<<<<

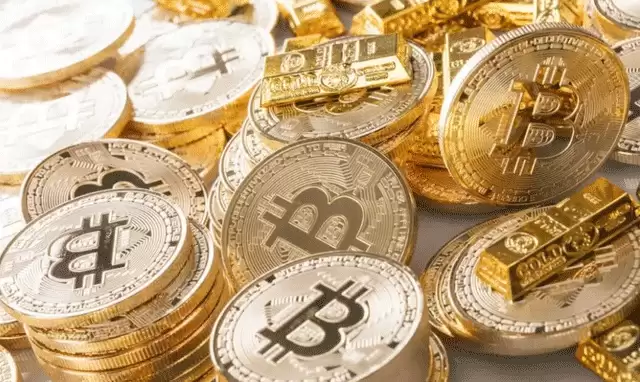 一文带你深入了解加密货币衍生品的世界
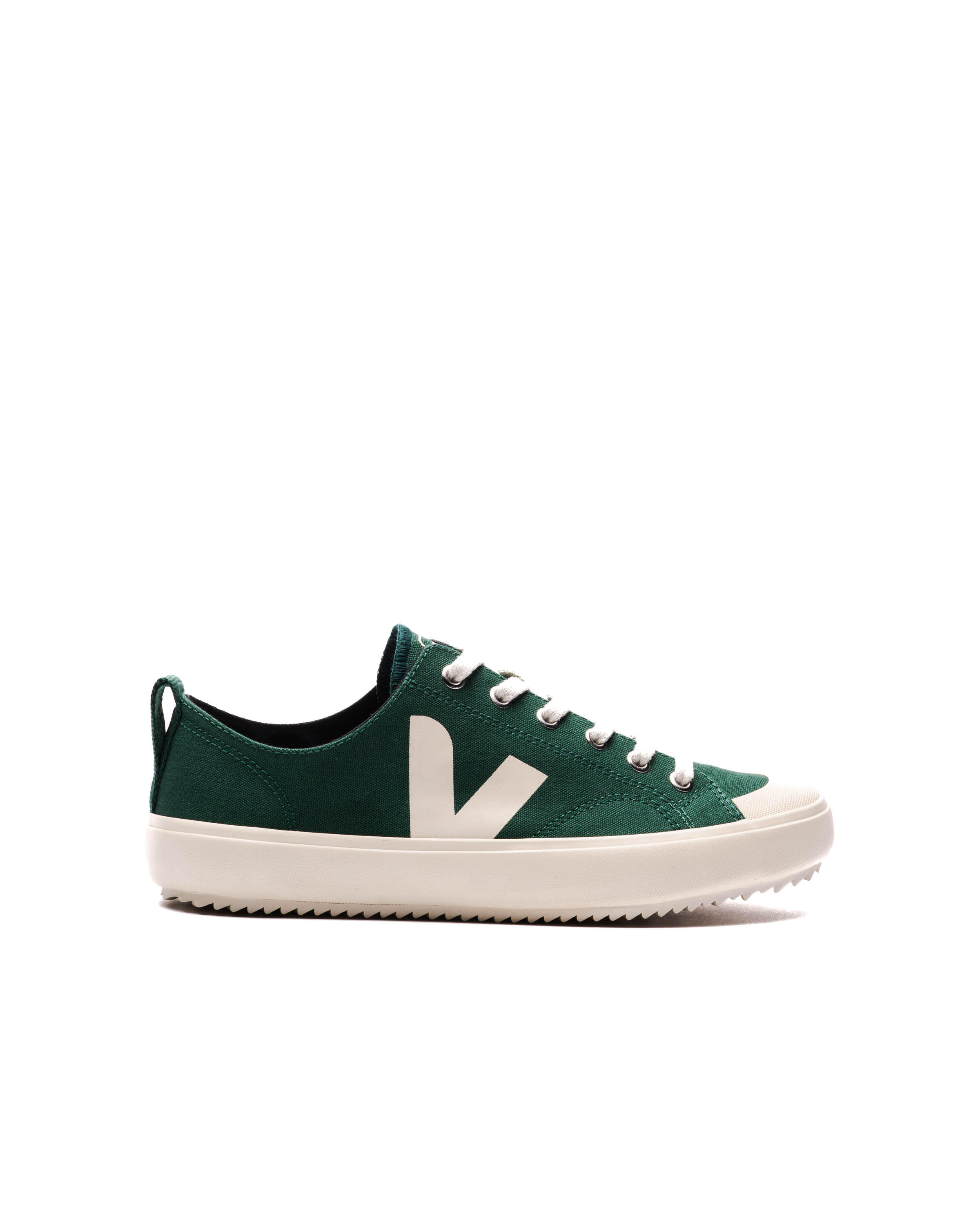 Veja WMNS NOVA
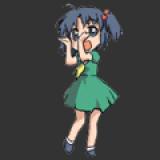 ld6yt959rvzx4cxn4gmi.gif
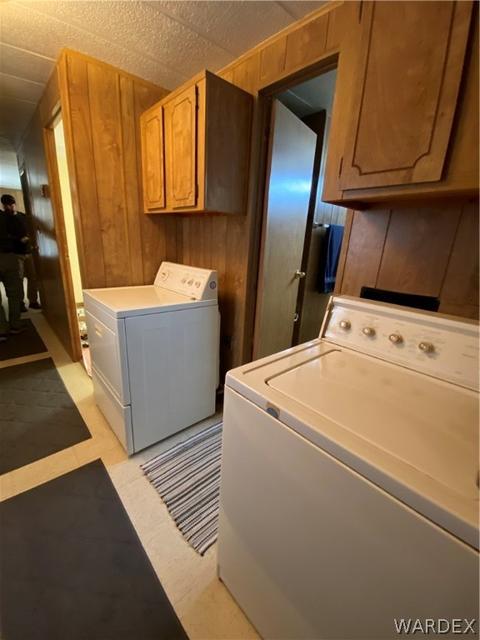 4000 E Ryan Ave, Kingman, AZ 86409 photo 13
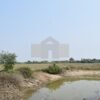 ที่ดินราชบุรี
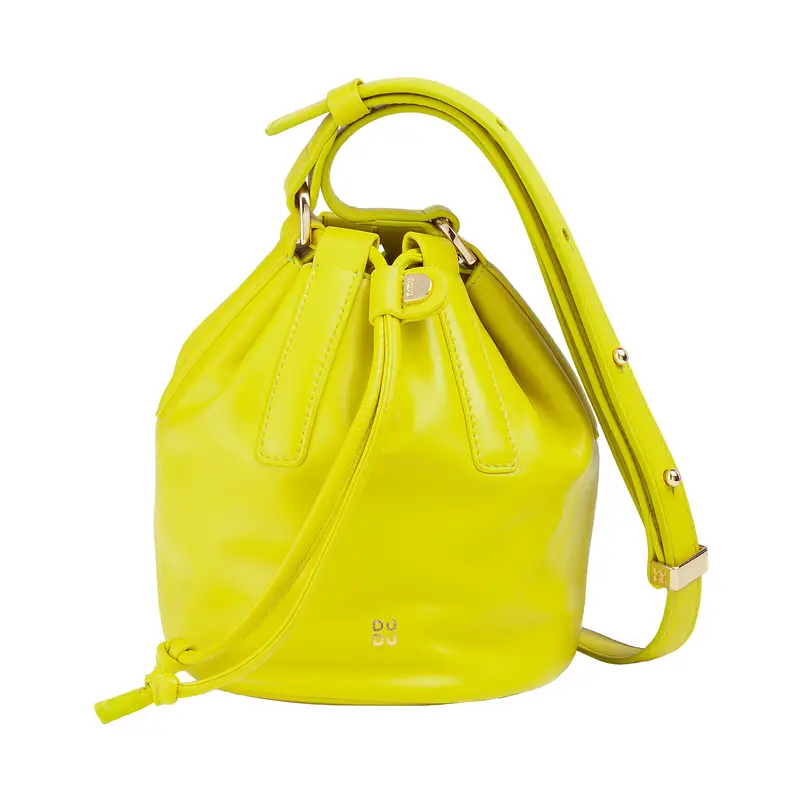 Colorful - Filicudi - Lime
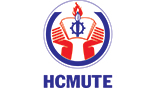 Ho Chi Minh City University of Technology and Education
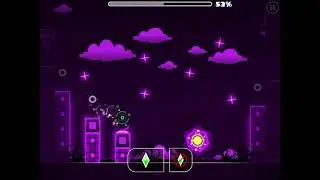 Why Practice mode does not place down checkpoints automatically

>>>>

Assignment | The records above must be copied exactly, with no pictures carried over.

Solution for this exercise |
 一文带你深入了解加密货币衍生品的世界
 Veja WMNS NOVA
 ld6yt959rvzx4cxn4gmi.gif
 4000 E Ryan Ave, Kingman, AZ 86409 photo 13
 ที่ดินราชบุรี
 Colorful - Filicudi - Lime
 Ho Chi Minh City University of Technology and Education
 Why Practice mode does not place down checkpoints automatically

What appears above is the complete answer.